Working with large datasets can be a challenge. With a few programming tools, however, we can radically improve the efficiency of collecting and manipulating these datasets.

We'll be using NodeJS to download and extract Ordnance Survey's Terrain50 Digital Elevation Model dataset from the OS Downloads API.

  1. Download zipped directory with the data.

  2. Unzip all contained zipped directories.

  3. Copy all .asc files into one folder, ready to be loaded into QGIS for our Shaded Relief Map tutorial.

This tutorial was created using NodeJS v14.1.0. If you don't already have Node installed, here is a great tutorial on installing Node and npm on Windows and Mac.

This tutorial will walk you through creating this code from scratch. If you would rather download, install and run it all, there are instructions for that at the bottom of this page.

Download & Extract

First, we'll download the Terrain 50 dataset from the OS Downloads API. In your terminal, make a directory where you'll want to store your project. At the outset we'll install the axios package from NPM, which is used for HTTP requests, and extract-zip, which we'll use a bit later on for extracting zipped folders.

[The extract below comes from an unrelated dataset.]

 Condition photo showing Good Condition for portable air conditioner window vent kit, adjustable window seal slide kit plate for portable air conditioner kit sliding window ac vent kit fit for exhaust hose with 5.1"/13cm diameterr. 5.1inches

mkdir os-downloads-tutorial
cd os-downloads-tutorial

npm install axios extract-zip

If you're not familiar with Node, this npm install {package names} command will create a node_modules folder and download packages there.

Download File

We'll be breaking our Node program into modules to keep it organised. For our first step - downloading the dataset - create a file called downloadFile.js in the os-downloads-tutorial directory.

We'll be using the fs module to write data to the disk as it downloads via an axios HTTP request.

const fs = require("fs");
const path = require("path");
const axios = require("axios");
const extract = require("extract-zip");

/* ============================================================
Function: Uses Axios to download file as stream using Promise

/downloadFiles.js
============================================================ */
const download_file = (url, filename) =>
  axios({
    url,
    responseType: "stream"
  }).then(
    (response) =>
      new Promise((resolve, reject) => {
        response.data
          .pipe(fs.createWriteStream(filename))
          .on("finish", () => resolve())
          .on("error", (e) => reject(e));
      })
  );

This function will fetch the resource at the url passed in, and write the file returned to the local directory as filename. We will call it from the function we'll export, adding in some error handling and visual feedback so the user knows the file is downloading. We'll also unzip the downloaded file into the targetdir.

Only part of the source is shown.